Today, I regret to inform all of you that I must officially withdraw my name from consideration for Mother of the Year.

Sad but true.

The reason? No, not the profanity I use with my General Contractor (there is a loop hole clause for that, you know).  No, not the introduction of Entenmanns Chocolate Pop ‘Ems to my kids (this is a rite of passage).

No, no.  My application withdrawal shall be filed under the category of Hibachi Post Traumatic Stress Disorder, hereafter known as HPTSD.

In my quest for a fun change of scenery on the 298th third day of Winter Break, I remembered I had an unused Groupon for a hibachi place near our house.  Then I learned that it was Kids Eat Free Night.  And there was a FourSquare promotion there as well.  Extreme Couponers have nothing on my iPhone and me.

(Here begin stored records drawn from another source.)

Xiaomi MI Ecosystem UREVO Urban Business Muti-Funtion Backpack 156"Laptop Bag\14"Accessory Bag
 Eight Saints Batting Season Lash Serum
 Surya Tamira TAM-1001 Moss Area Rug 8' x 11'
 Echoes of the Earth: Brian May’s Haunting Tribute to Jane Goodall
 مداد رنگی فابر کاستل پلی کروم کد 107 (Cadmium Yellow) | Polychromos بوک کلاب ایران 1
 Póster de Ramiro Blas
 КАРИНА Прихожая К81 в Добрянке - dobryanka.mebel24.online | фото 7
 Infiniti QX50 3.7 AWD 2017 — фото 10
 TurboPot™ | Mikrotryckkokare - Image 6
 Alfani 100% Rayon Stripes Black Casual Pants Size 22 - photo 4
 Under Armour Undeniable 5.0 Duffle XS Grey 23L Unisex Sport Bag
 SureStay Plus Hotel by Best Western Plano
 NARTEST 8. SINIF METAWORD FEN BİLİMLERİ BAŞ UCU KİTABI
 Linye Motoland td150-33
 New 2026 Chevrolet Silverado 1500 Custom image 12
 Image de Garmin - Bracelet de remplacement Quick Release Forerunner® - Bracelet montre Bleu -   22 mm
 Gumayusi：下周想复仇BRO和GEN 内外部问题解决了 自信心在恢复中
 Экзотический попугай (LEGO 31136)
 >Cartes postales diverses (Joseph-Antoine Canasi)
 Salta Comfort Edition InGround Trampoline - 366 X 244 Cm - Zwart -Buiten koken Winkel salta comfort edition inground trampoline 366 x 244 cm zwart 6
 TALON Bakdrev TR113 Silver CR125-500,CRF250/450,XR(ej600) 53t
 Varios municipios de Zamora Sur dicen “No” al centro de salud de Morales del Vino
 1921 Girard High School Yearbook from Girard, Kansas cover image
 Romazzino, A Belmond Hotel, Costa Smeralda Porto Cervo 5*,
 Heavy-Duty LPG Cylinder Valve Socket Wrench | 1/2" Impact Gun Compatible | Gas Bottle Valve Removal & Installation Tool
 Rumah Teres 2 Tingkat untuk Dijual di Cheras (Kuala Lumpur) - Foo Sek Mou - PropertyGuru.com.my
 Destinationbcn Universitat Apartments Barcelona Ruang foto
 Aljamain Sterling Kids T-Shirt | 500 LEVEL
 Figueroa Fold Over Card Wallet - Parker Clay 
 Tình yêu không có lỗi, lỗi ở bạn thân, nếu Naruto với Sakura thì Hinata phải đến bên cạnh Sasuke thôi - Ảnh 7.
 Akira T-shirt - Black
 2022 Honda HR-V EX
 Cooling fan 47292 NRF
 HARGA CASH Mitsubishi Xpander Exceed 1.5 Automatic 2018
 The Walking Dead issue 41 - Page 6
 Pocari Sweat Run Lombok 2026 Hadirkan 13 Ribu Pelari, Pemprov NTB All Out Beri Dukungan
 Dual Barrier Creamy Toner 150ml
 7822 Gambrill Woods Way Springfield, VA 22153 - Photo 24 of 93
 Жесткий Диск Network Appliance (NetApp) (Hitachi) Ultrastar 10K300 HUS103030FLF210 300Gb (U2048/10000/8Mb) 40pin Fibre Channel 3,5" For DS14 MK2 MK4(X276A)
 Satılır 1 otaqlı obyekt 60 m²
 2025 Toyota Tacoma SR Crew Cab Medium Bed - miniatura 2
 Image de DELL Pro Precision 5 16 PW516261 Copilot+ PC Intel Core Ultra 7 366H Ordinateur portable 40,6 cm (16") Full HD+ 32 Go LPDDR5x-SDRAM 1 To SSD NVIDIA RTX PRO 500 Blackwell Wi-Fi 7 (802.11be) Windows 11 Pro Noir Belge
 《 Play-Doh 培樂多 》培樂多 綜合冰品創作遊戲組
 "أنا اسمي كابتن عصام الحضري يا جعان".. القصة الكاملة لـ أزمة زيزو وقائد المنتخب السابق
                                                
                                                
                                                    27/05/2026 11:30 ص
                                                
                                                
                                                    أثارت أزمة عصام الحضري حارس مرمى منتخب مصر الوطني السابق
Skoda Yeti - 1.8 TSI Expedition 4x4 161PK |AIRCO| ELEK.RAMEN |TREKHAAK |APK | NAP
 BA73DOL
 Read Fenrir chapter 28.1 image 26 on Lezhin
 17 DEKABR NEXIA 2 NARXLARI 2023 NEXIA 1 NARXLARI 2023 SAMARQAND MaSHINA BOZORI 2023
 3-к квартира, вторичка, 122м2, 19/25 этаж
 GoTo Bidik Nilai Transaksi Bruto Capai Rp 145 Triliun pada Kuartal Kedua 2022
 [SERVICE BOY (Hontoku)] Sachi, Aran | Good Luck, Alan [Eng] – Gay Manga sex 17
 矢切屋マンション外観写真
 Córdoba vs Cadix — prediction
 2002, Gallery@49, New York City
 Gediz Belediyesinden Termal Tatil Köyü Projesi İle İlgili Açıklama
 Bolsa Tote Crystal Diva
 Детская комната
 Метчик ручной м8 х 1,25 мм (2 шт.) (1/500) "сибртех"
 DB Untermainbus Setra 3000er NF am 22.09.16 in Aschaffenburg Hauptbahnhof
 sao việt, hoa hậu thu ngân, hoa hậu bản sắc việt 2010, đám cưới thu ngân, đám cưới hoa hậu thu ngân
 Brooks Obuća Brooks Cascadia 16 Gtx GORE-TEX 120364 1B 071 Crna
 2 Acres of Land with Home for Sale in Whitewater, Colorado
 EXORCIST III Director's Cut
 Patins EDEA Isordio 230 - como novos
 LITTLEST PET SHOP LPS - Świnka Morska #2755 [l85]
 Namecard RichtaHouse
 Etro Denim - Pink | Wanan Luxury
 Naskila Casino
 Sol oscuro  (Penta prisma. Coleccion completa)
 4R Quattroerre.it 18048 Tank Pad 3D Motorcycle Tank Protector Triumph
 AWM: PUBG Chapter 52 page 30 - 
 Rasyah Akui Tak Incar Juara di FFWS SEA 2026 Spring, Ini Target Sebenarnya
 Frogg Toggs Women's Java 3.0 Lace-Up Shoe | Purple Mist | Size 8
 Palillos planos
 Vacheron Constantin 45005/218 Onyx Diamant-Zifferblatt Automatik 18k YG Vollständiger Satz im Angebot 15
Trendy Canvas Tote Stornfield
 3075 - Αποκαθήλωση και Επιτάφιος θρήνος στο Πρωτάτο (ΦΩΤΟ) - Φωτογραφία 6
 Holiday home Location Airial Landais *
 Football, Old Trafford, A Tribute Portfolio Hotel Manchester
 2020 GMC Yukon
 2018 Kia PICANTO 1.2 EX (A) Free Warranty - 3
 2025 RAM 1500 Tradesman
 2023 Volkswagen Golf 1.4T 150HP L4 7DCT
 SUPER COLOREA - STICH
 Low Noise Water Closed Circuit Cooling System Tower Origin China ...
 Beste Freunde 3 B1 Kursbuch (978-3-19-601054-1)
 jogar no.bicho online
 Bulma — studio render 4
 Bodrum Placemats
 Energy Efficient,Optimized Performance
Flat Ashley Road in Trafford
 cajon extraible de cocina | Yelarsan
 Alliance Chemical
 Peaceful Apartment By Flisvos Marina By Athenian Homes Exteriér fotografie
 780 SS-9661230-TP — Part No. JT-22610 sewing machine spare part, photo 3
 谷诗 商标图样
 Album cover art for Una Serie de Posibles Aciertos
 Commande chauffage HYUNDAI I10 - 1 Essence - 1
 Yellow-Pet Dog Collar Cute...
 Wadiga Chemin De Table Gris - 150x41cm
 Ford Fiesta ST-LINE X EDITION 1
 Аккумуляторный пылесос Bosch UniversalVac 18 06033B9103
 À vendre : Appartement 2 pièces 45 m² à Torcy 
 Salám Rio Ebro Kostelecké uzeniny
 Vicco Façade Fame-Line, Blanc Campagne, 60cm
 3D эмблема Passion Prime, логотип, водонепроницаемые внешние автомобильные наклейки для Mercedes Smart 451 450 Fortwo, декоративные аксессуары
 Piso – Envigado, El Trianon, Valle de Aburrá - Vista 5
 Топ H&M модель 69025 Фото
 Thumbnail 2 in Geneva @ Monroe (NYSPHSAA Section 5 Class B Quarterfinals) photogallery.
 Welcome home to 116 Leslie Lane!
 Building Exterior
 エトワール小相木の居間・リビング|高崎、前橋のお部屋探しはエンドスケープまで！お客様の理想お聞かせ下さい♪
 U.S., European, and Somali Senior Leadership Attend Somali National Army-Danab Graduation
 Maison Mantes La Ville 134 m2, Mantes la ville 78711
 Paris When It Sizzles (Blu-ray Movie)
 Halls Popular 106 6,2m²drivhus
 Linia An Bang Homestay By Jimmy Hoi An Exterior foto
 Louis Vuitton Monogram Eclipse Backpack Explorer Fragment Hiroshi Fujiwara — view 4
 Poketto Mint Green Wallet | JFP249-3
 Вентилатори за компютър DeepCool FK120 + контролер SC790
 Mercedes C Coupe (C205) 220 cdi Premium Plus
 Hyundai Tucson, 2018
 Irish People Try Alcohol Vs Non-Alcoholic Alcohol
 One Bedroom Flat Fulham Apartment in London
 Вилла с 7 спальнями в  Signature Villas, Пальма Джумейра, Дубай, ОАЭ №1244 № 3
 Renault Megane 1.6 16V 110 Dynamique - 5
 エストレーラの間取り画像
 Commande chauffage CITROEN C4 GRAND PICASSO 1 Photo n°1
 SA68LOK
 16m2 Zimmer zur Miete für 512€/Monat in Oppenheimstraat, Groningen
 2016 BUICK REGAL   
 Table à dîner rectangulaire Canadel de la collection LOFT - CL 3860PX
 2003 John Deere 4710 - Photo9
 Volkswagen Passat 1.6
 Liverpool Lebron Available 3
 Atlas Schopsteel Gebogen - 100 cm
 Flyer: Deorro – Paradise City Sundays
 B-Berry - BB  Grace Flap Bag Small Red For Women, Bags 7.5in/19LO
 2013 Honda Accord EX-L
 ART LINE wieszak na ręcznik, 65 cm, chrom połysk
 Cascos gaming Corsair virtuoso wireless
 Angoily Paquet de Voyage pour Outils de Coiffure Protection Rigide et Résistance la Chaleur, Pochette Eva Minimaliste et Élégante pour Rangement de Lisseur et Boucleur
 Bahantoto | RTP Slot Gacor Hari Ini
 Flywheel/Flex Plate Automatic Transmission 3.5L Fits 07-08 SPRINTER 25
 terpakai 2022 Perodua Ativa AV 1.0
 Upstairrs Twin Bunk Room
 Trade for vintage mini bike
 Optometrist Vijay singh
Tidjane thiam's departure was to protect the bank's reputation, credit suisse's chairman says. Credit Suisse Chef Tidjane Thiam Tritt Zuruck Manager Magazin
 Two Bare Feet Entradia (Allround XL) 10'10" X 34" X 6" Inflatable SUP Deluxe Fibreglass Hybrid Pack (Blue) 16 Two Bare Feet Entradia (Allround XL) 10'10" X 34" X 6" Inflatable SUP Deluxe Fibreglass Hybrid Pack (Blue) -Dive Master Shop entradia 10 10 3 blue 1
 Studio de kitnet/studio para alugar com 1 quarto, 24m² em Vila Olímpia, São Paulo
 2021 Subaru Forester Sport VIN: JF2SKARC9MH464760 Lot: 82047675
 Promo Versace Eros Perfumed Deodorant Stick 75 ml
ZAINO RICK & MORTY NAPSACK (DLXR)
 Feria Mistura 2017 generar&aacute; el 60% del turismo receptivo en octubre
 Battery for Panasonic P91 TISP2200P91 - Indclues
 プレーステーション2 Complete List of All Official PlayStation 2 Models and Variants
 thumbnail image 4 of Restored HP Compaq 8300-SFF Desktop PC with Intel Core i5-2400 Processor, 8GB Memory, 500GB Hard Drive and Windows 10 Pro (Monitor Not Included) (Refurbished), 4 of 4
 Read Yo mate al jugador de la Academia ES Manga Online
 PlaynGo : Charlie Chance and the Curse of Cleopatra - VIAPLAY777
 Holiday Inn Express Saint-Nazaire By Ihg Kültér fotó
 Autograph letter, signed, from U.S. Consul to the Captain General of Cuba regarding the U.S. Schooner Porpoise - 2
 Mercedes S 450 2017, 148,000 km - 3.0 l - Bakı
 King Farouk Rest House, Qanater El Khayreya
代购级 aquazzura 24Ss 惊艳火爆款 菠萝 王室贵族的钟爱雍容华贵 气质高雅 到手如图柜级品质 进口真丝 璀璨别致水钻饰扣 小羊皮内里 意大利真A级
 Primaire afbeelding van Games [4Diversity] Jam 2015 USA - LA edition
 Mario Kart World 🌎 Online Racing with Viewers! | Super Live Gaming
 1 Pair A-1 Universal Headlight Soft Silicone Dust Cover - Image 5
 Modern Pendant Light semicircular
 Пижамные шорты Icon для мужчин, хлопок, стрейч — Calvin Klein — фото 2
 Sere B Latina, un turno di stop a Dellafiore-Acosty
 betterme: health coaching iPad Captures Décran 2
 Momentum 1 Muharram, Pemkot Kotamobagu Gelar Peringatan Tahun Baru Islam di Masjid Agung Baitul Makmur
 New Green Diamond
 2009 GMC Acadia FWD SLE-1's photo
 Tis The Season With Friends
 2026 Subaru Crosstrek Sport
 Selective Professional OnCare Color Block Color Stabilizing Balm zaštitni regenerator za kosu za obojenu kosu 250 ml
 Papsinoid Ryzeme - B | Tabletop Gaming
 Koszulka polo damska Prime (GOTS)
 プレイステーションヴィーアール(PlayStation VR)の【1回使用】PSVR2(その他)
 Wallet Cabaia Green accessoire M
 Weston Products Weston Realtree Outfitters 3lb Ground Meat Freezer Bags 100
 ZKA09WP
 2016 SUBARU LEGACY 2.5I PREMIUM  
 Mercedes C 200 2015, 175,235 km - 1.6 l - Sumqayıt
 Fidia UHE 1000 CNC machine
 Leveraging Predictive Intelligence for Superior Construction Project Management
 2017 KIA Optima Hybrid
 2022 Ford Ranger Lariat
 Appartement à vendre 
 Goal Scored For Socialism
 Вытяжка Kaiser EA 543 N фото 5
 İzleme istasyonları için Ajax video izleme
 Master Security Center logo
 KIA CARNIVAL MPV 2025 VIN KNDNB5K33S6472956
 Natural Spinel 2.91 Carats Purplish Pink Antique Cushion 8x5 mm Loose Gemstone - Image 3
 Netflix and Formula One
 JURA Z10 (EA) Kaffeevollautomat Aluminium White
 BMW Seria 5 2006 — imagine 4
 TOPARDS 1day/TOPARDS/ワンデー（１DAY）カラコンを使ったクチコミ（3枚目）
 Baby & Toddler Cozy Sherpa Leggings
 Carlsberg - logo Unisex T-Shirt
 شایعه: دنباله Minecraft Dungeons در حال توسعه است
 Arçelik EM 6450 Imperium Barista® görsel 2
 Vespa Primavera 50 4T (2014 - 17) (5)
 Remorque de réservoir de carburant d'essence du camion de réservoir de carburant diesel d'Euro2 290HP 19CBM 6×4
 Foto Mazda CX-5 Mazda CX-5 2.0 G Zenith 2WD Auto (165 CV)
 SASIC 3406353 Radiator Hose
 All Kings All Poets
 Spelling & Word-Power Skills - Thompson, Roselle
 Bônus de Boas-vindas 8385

iCouponing aside, I figured my kids would marvel at the fun hibachi displays that the chefs put on.  You know, a little knife-throwing.  Some fire.  Tossing food into patrons’ mouths. It’s not unlike how we eat at home.

Plus, they have a big bar at this place.  Just saying.

I had all good intentions.  New experience for the kids.  Booze for the parents.  Fried rice for all!

What could be bad about this?

Let me count the ways…

First, never go somewhere during Kids Eat Free Night.  Ever.  I can’t believe I made such a rookie mistake.  The noise level was just beyond anything the human ear can tolerate.  My kids had their hands glued to their ears.  My kids.  Thought it was too noisy.  Oh, the irony.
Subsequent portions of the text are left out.